The art of diplomacy is aimed to manage international relations. Managing China, a peer adversary, means containing its aggression and attacking its ideology. That, quite evidently, is beyond Team Biden, who do not understand that diplomacy, unsupported by military force — the mailed fist in the velvet glove — is bound to fail.

The Chinese understand that concept perfectly. China’s military budget, which rises every year like clockwork, has increased by about 7 percent this year alone. According to a March 5 paper by the Center for Strategic and International Studies, “Spending on the military as a share of overall national government spending will rise from 5.1 percent in 2020 to 5.4 percent in 2021—the highest in several years. Similarly, spending as a percent of the central government budget will rise from 36.2 percent to 38.7 percent, well above the average of 34.7 percent seen over the last five years. These figures confirm that China’s leaders continue to prioritize military modernization.” (CSIS refers to a study by the Stockholm International Peace Research Institute that shows that China’s military-related expenditures are probably more than 40 percent higher than its government reports.)

China’s increased military spending is going to more aircraft carriers, fighter and bomber aircraft, and other major weapon systems.
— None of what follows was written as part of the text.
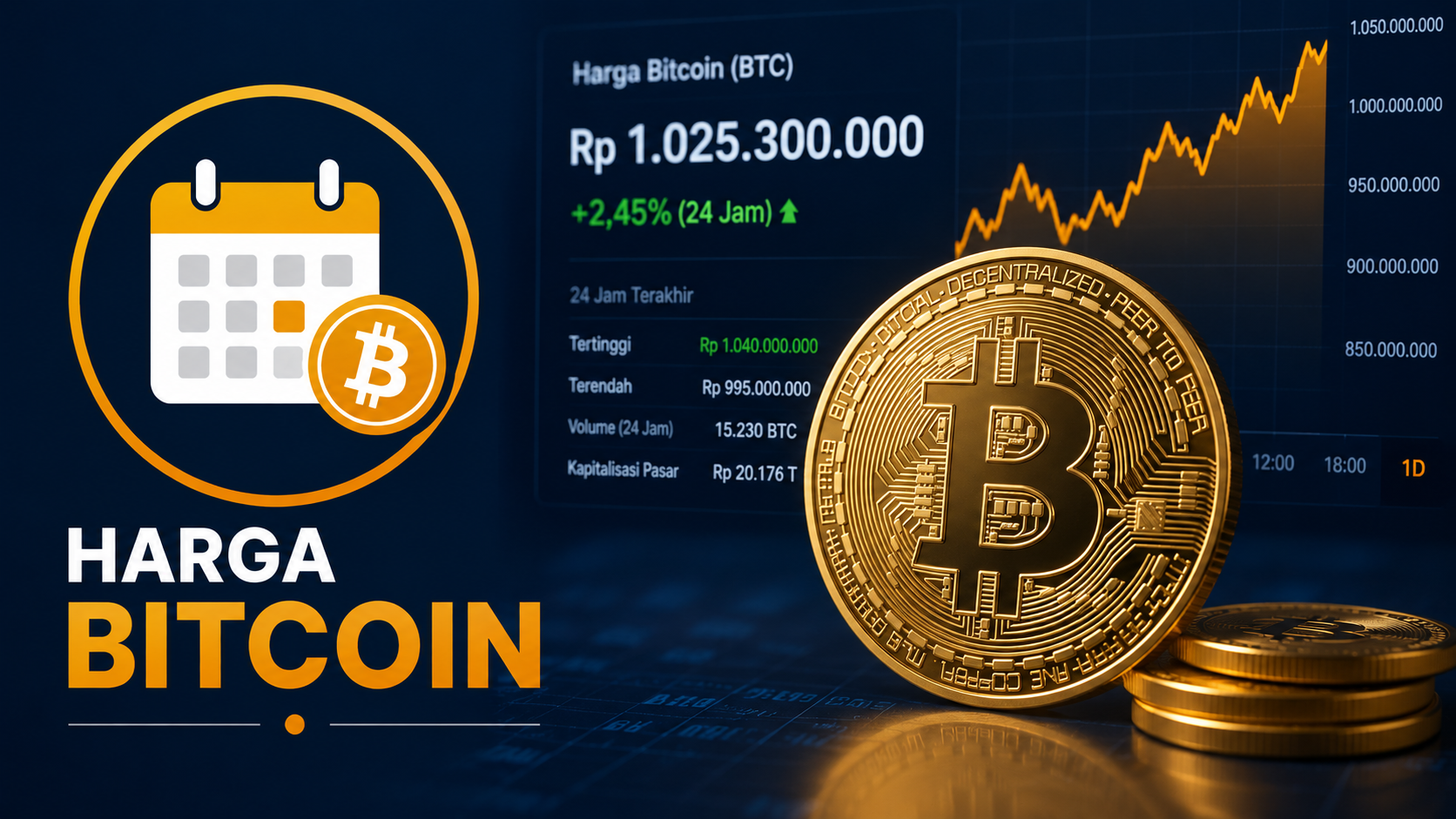 Cek Harga Bitcoin Hari Ini untuk Warga Bengkulu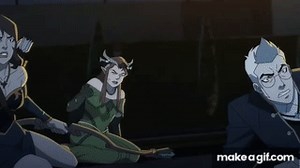 Keyleth Magic Scenes | The Legend of Vox Machina on Make a GIF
They have not slowed, far less stopped, their militarization of islands in the South China Sea and threats against U.S. allies such as Japan and Taiwan.

If we were to go to war with China today, we would suffer many thousands of American casualties and probably end up losing or in a stalemate that would be very damaging to our allies in the Pacific.

If he were not so weak, Biden would be putting real teeth — military agreements and joint exercises — into the “Quad” alliance of the U.S., Japan, India, and Australia that aims to contain China. But he won’t.

Biden’s weakness on China, demonstrated perfectly by Blinken and Sullivan in the Alaska meeting, is enormously dangerous. As I often write, and as former Defense Secretary Donald Rumsfeld often said, weakness is provocative.

At this point, we still can deter and contain China if we try. Biden isn’t willing to even do that.